### What to work on
Go through each line of the entries below and tally those containing the string "John"; give only the total.

### Saved data entries
▼
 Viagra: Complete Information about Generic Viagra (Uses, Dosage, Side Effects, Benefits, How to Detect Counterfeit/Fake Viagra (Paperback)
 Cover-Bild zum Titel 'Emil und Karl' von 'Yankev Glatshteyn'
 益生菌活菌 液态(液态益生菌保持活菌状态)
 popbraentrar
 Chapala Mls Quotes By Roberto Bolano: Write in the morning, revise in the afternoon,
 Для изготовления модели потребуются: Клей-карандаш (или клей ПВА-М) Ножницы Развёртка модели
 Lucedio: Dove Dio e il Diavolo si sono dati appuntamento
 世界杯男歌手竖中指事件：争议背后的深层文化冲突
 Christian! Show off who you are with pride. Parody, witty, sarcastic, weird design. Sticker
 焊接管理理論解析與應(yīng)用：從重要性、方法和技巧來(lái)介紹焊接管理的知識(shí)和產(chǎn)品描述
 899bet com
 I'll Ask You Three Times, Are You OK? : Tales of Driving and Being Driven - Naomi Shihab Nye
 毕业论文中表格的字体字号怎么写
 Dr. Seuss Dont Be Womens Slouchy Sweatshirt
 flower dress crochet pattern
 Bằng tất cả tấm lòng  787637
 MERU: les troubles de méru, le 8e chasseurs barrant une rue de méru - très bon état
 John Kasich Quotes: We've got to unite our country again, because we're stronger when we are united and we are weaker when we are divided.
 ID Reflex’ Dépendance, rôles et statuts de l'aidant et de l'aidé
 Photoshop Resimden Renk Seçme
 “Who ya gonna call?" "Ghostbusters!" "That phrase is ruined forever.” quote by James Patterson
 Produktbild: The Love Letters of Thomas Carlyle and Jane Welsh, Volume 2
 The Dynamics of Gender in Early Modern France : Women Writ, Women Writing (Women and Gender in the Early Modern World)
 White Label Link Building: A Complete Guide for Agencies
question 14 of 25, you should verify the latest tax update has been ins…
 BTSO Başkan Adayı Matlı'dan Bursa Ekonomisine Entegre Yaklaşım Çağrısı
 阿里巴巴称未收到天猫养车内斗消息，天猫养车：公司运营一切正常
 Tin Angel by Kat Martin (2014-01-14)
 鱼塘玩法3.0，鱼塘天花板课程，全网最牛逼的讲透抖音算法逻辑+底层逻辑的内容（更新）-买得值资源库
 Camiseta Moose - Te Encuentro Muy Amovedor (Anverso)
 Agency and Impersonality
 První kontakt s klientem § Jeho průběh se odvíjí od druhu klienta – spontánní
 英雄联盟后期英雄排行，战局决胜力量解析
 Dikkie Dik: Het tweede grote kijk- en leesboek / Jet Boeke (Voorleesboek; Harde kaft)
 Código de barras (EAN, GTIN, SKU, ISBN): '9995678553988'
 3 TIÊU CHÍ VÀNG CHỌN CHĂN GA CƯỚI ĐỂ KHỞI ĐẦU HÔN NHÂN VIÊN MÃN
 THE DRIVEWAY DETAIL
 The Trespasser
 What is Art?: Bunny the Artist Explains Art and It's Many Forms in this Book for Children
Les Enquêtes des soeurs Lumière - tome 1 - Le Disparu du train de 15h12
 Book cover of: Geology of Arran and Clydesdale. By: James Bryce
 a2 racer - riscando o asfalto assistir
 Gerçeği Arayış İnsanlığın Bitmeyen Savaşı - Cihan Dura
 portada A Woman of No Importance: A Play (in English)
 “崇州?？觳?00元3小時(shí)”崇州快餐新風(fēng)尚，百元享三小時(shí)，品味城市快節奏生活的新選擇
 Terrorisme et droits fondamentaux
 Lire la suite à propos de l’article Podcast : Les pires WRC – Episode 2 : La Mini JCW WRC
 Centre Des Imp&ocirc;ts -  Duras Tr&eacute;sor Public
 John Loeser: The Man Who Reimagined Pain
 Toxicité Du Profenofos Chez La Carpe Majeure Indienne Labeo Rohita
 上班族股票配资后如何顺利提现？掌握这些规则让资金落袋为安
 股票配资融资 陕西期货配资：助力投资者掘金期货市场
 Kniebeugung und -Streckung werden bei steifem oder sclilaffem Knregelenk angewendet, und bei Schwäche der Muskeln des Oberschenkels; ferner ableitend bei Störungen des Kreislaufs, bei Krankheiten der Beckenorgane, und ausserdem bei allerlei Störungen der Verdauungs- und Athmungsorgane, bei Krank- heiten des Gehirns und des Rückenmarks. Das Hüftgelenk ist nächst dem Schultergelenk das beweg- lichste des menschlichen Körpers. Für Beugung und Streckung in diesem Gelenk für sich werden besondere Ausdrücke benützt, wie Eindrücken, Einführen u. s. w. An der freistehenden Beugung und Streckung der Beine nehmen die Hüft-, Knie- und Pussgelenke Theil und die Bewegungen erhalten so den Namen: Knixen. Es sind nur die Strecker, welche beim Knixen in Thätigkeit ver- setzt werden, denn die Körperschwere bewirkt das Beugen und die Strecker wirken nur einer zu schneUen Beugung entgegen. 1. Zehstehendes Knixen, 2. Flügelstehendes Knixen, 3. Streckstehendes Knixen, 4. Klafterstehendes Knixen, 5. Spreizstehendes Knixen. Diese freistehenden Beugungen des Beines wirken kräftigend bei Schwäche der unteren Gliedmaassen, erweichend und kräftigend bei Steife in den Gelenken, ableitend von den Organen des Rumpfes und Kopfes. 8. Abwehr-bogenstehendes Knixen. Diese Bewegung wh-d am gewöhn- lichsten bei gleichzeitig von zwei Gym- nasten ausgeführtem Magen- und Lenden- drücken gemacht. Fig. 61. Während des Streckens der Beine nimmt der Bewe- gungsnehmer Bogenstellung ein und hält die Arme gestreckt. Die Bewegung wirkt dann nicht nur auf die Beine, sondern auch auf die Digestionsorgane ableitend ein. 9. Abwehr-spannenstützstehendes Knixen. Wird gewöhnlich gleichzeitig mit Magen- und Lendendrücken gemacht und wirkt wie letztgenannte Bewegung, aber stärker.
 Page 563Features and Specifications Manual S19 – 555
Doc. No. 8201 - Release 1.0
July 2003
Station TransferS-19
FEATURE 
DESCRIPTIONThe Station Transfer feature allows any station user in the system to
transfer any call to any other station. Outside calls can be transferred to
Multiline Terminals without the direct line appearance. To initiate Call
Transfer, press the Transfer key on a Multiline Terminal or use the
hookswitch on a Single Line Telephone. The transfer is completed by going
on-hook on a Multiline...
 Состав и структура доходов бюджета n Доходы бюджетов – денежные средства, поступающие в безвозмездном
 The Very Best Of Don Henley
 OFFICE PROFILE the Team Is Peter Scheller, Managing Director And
▲
### Output
2